Mungo Scotts (HO scale) is another well travelled exhibition layout showcasing the Mungo Scotts flour mill situated on the Metropolitan goods line in inner-western Sydney. The flour mill ceased operation in 2009 and the site is now occupied by residential apartments. The layout is from the Sydney Model Railway Society, the oldest existing model railway club in Australia (established 1936).
Narellan (O scale) is also a prototype-based NSW layout, this time on the outer Sydney branchline between Campbelltown and Camden. This line was famous for its milk traffic. The layout depicts operations from the mid-1950s to the line's closure in 1962.
Turning to a couple of UK layouts, Tannochbrae is a fictional Scottish-themed layout in N scale based on the Western Highlands in the 1980s from the Sydney N Scale Model Railway Club. The layout was built to show that it is possible to produce a nice layout using set track (Tomix) and some imagination. The layout is DCC controlled.
Another fictitious UK layout on show was Lyttleton (OO scale). This small layout was based on a preformed moulded starter layout from Bachmann with an added short extension (as seen in the photograph below) by the builder. With some scenery and ingenuity, this little layout also shows that starting out in the hobby does not need to be overly complicated or expensive. In fact, one family was so impressed that they bought the layout at the Canberra Model Rail Expo!

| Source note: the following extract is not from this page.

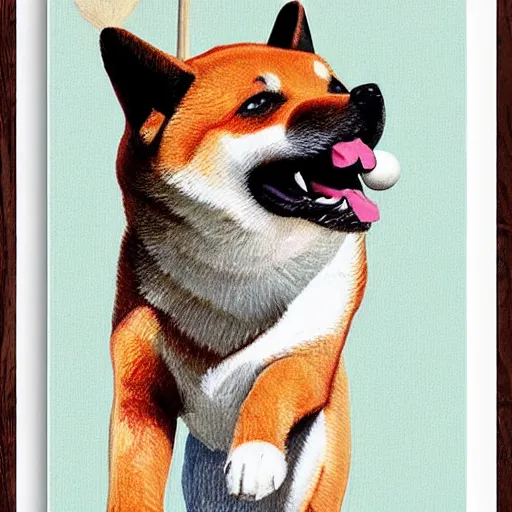 Image similar to shiba inu dog, baseball bat bonk, dog swinging bat 🐶 🏏 🎨🖌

Staverleigh is a compact-sized layout (4mm scale) that demonstrates how a small layout can still be well designed and detailed. The layout uses an offsite fiddle yard to have trains enter and leave the layout. Staverleigh represents a fictional Great Western Railway branchline terminus, typical of the area around Ashburton in South Devon. Trains on the layout depict a range of locomotives and rollingstock in the years 1915-1947.
And finishing off this review, we look at the freelanced N scale Japanese-themed layout Senohikui Tetsudo. The layout was inspired by the owner's trip to Japan and the purchase of a number of B-Train shorty trains which then led to the idea and construction of the layout. B-Train shorty trains are trains that have been compressed longitudinally so they take up less space than a full-sized scale model. They are available as static kits but can be motorised, as this layout demonstrates. One of the features of Japanese urban model railways is the colourful and densely packed urban landscape.
I hope this review and sample layout photos provides some inspiration for your own model railroading activities. There's a model railway theme, size, and standard for all of us.